Jane Wagner said “Reality is the leading cause of stress for those in touch with it.” Sad, but true. Dreaming about a stress-free life is like hoping for our national debt to be paid off. It’s not going to happen. What we can do instead is to adopt some simple strategies to tackle the overwhelm.
Alright, be honest with why you are reading this article (or maybe just this sentence):
- You are happy and content with life today and are simply reading for pleasure, or you are a loyal reader of this blog (Have I told you how much I appreciate you?)
- Your to-do list is a mile long and you have no control of it anymore and if we’re being frank, you cannot even begin to fathom how to tackle the overwhelm. So, you’re on to the next best thing—scrolling through your social media feed. Maybe the title of this article intrigued you and so you’re here to check out what the hoopla is all about.
The feeling of overwhelm
Based on my completely unscientific polling, I’ll say over 80% of readers are in category (b). Especially at this time of the year. As the days shorten and the year draws to a close, it seems like our commitments and projects—both to ourselves and others—are ever-increasing and never ending. And at times like this, it’s easy not just to get overwhelmed but to feel guilty and stressed about what we aren’t able to do.
One way to cope with the overwhelm of having too much to do is by deciding not to do any of it. Sounds perfect, doesn’t it? But I’m told it only works if you are 3-years-old or younger. Because, as most of you probably have realized by now, we adults can’t just wish away our responsibilities. But it need not be all doom and gloom. There are tried and tested ways to tackle the overwhelm. Here are five practical ones:
1. Be compassionate. To yourself.
Yes, you had the right intention when you bought all those supplies to make homemade laundry soap as holiday gifts. But sometimes life gets in the way and you end up ordering last minute Amazon e-gift cards. It’s okay to go easy on yourself. Empathy is an impressive skill to practice, but self-empathy—the ability to be kind to ourselves—can be a great antidote to feeling overwhelmed.
Our culture has somehow drilled into us that if we aren’t hard on ourselves, we’ll get lazy and self-indulgent. But research has proven quite the contrary. Increased self-compassion increases overall wellbeing.
2. The body knows before the brain does.
Our limbic systems are designed to ensure our survival. It is where our emotional responses are stored. That is why the sight of an unleashed dog on a run startles me, with my heart racing and my limbs stiffening even before my brain can register a potential threat.

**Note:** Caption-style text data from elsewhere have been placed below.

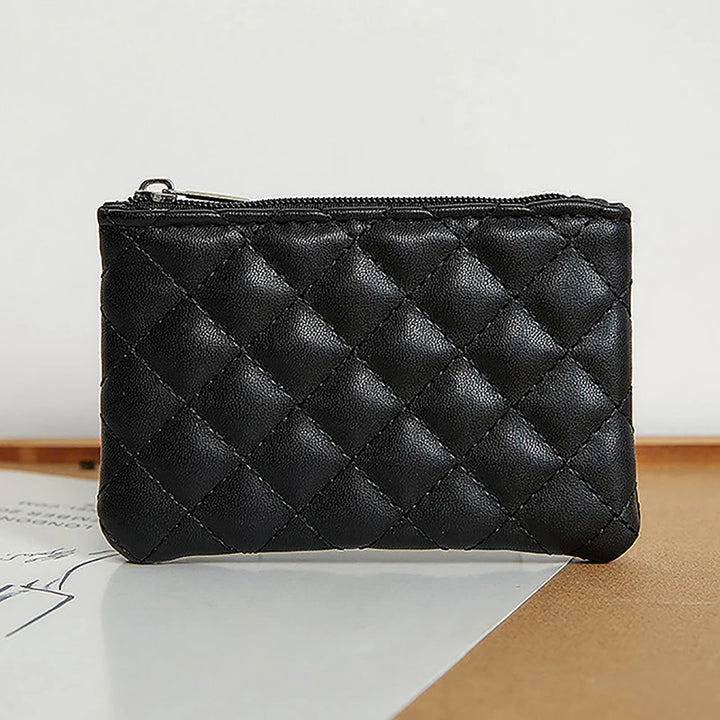 Plaid PU Leather Coin Purse – Mini Zipper Wallet & Card Holder for Women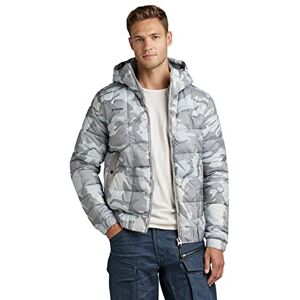 G-STAR RAW G-Star Men's Meefic Squared Quilted Hooded Jacket, Multicolour (cool grey woodland camo D20126-C441-D436), XL G-STAR RAW G-Star Men's Meefic Squared Quilted Hooded Jacket, Multicolour (cool grey woodland camo D20126-C441-D436), XL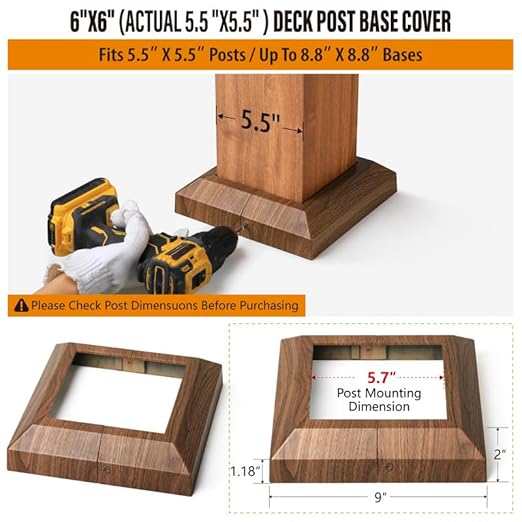 4 pcs 6"x6" (Actual: 5.5"x5.5") Aluminum Deck Post Base Cover, for Deck railings, Stairs, Patios, Porches Split Deck Post Skirt (Walnut Wood)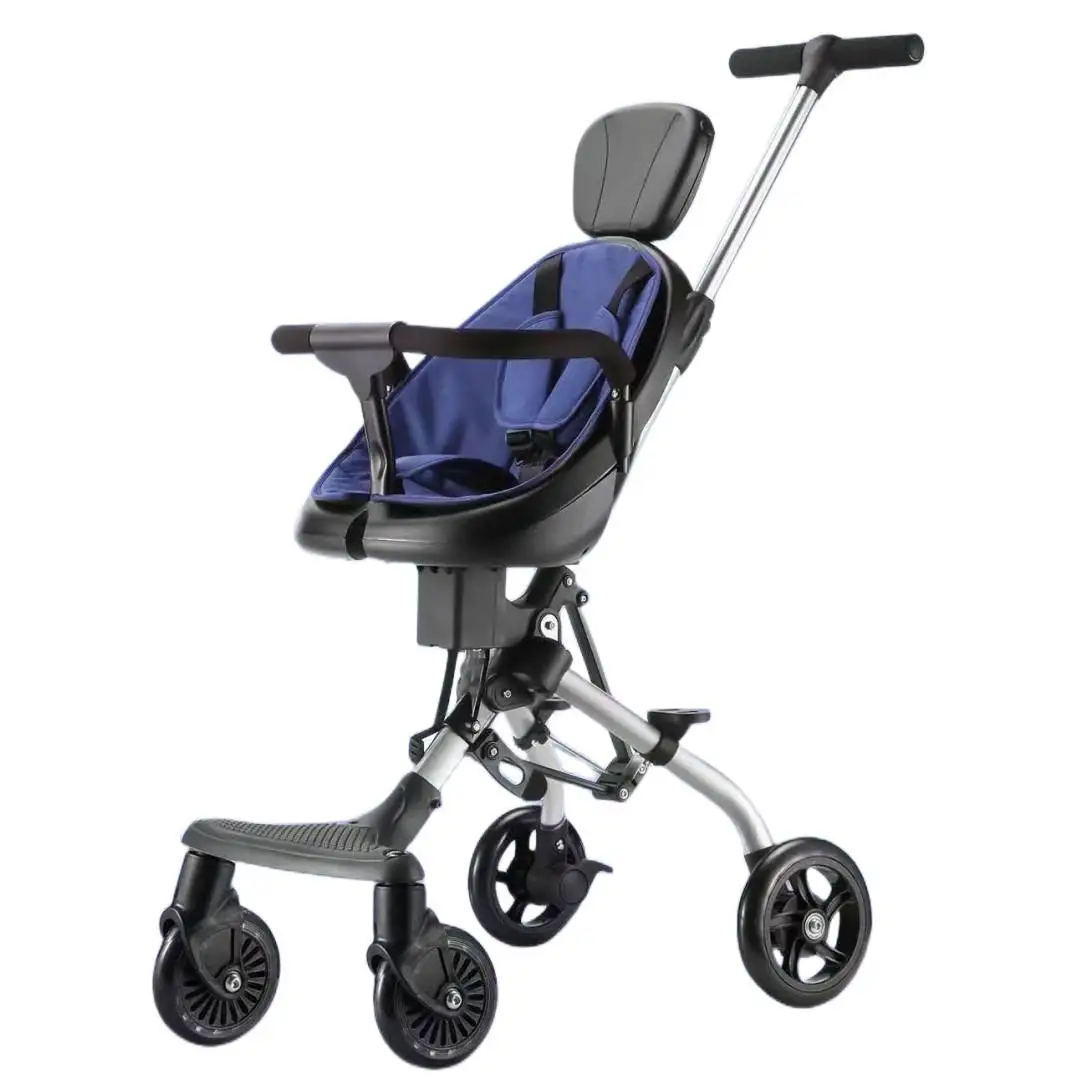 Adjustable Handle Lightweight Portable Rattan Pram Buggy Foldable 2-in-1 Alloy Frame for 3-Year-Olds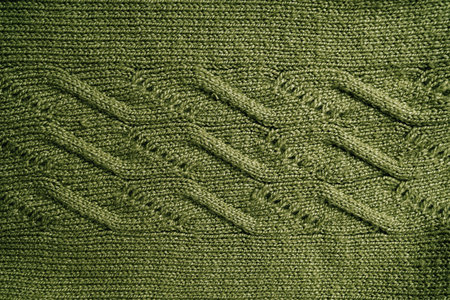Close up shot of green knitwear with pattern. Background texture photographyの写真素材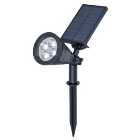 Lutec Solar Superspot LED Outdoor Spike Light with Integrated Solar Panel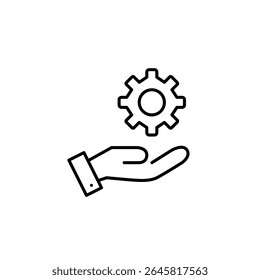 Hand and cogwheel. Manual control, user-driven settings, interactive configuration, hands-on adjustment, personalized setup. Pixel perfect, editable stroke vector icon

However, constantly activating the fight-or-flight response can lead to accumulated emotional stress and the feeling of overwhelm. There’s a way out, though. Through mindfulness.
If we can simply pay attention to our bodies and the signals it sends, we can learn to respond by taking a few deep, calming breaths. The breath, in turn, lets the brain know that all’s well and that we aren’t going to get eaten up by metaphorical lions.
3. Move it.
There is no way to say this delicately, but if your spirit animal is a couch potato, then it’s time to look for a substitute. I can harp on forever about the important of exercise, but here’s the fact: Exercise may or may not give you your dream physique, but it certainly can do wonders for your mental health.

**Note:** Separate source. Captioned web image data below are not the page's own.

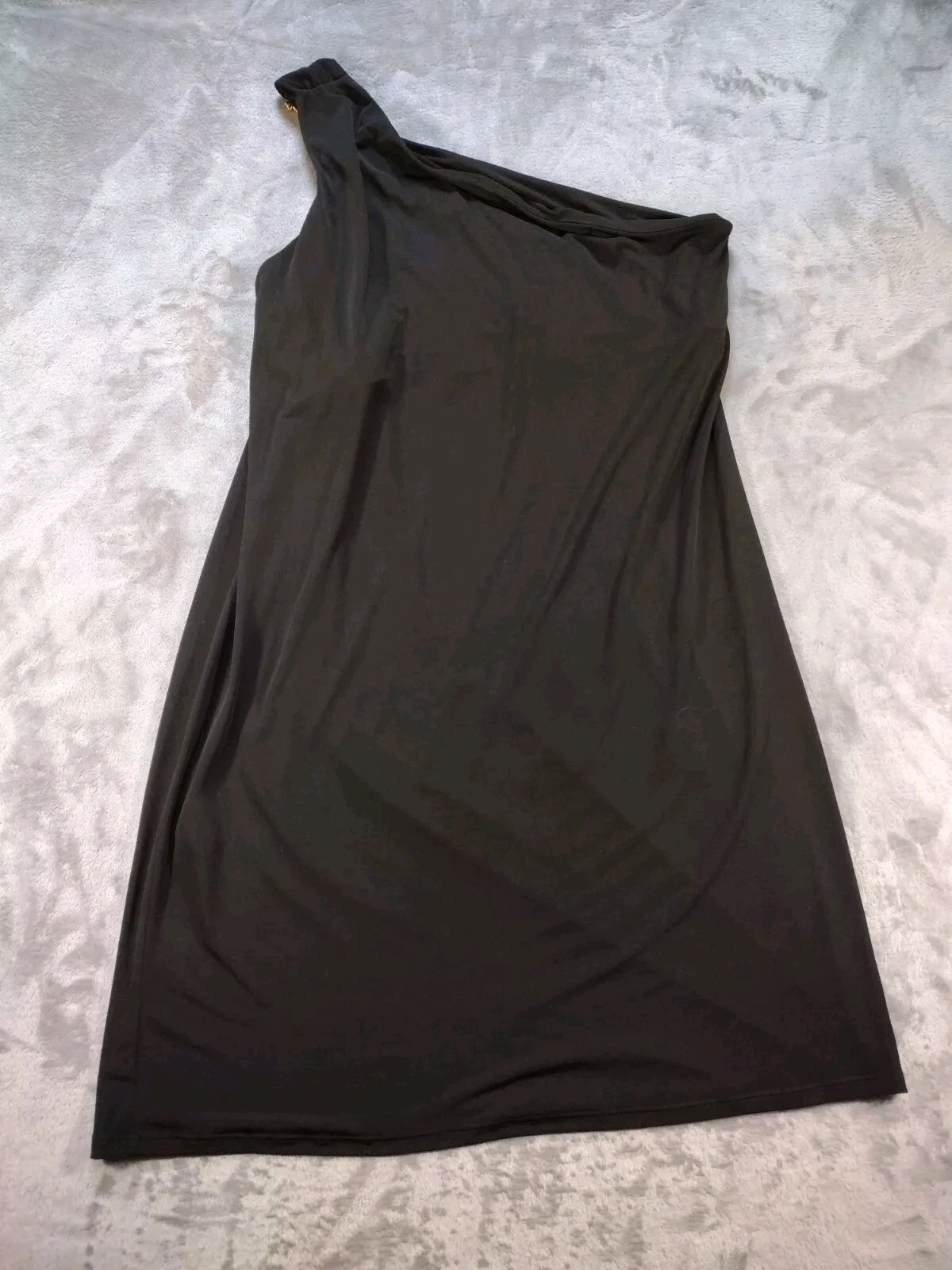 Abito da cocktail nero elasticizzato monospalla Michael Kors taglia XL nuovo con etichette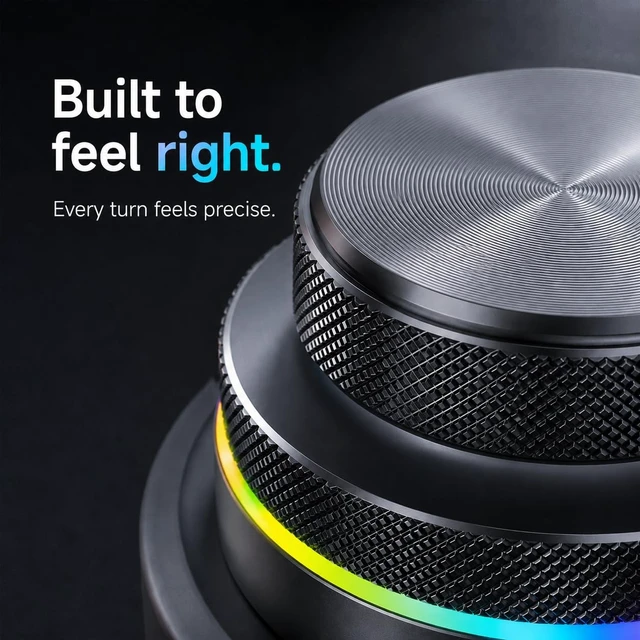 Alt view image 4 of 5 - MOSHOU Knob Macro Pad, 3-Layer Programmable Keyboard,wireless & Type-C & BT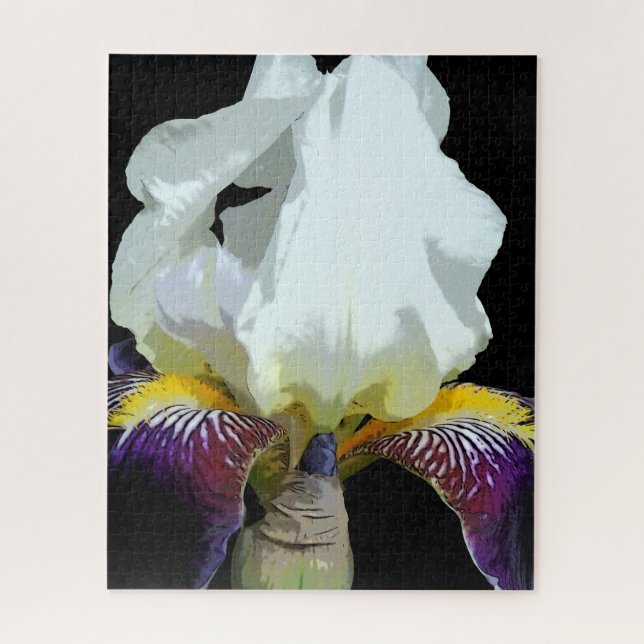 Puzzles de fleurs d'iris violettes et blanches (Vertical)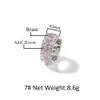 Bubbelbrief Roze elliptische zirkoonstenen Volledige 3 rijringen Hip Hop Iced Out Dames sieraden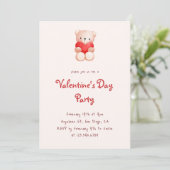 Cute Bear Hearts Valentine's Day Party Invitation 招待状 (スタンド正面)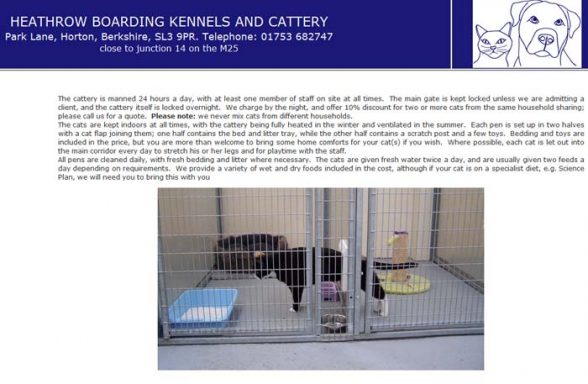 Heathrow Boarding Kennels and Cattery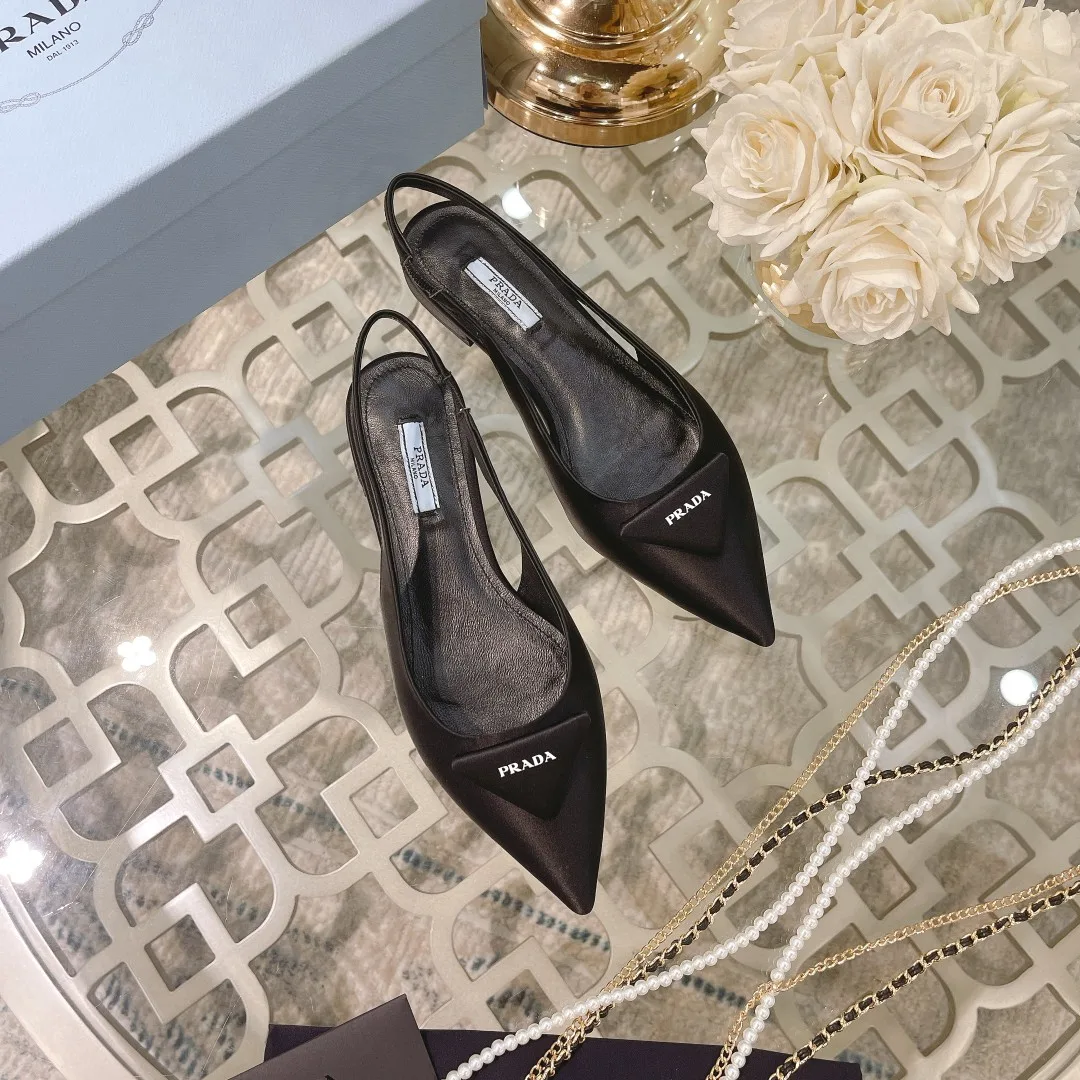 Alternative view of Prada Brushed Slingback Pumps Black /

You’ve probably heard the term exercise-induced endorphins. While endorphins get all the credit, it’s not really the endorphins but other neurotransmitters such as norepinephrine and serotonin that actually make you feel better. Low levels of these hormones are associated with depression. Consistent exercise makes your body learn how to react to stress and keeps these hormones in balance.
4. Do "one" thing that matters.
It’s easy to want to do it all, and end up doing nothing. Overwhelm is almost inevitable if you always try to major in minor things. Setting priorities, learning to distinguish between the urgent and important, and giving yourself the permission to focus on just the major things can help immensely.
We want to be everywhere doing everything because it’s been drilled into our heads that opportunity comes knocking once. Above all, to tackle the overwhelm, the most important step is to gain perspective on what truly matters in life and then accepting that we can never completely get through everything on our list regardless of how long we live.
5. Say “No”
Everyone likes to be liked. More often than not, our fear of rejection or sounding rude makes us say yes when we really mean to say no. But saying yes and then having a mild panic attack isn’t helpful. We can tackle the overwhelm when we learn to say no more often.
Finally
In her book Bossypants, comedienne Tina Fey writes:
“I was a little excited but mostly blorft. “Blorft is an adjective I just made up that means ‘Completely overwhelmed but proceeding as if everything is fine and reacting to the stress with the torpor of a possum.’ I have been blorft every day for the past seven years.”
So when you feel blorft, just remind yourself that life does not have to be filled with days of outward smiles and inner screams. Give yourself permission to say no, and to be okay with not dotting every i and crossing every t.
We can tackle the overwhelm. We just need to gain some perspective.